- _ACTIVITY_
Print every line of the material below exactly as it stands, but omit the pictures.
BEGIN INFORMATION SUPPLIED
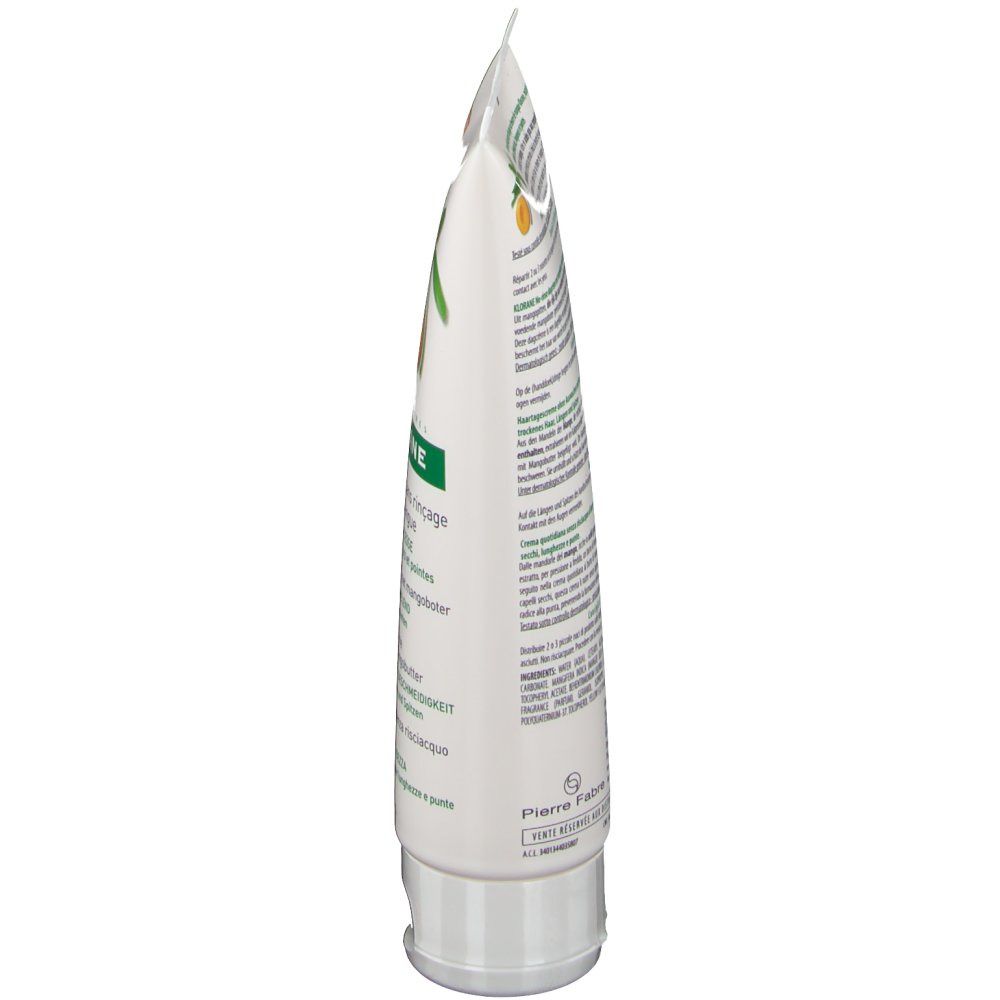 Klorane Tube, Seitenansicht. Weiß, mit Text und grünen Elementen. Aufdruck: Produktinformationen, Inhaltsstoffe, Hersteller.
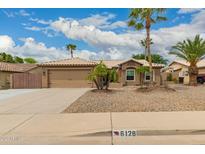 Charming home features a two-car garage, desert landscaping, and a tile roof at 6128 E Portia St, Mesa, AZ 85215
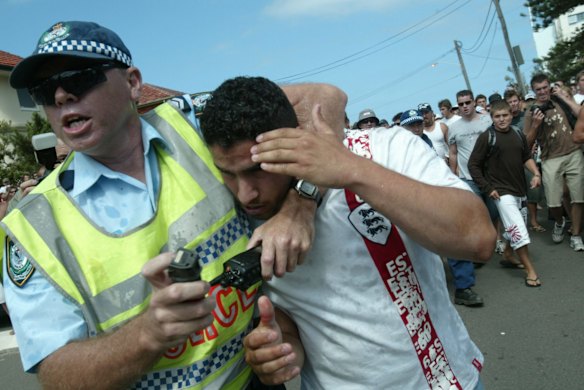 A police officer rescues a  man at North Cronulla.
END INFORMATION SUPPLIED
- _RESPONSE AREA_
 Klorane Tube, Seitenansicht. Weiß, mit Text und grünen Elementen. Aufdruck: Produktinformationen, Inhaltsstoffe, Hersteller.
 Charming home features a two-car garage, desert landscaping, and a tile roof at 6128 E Portia St, Mesa, AZ 85215
 A police officer rescues a  man at North Cronulla.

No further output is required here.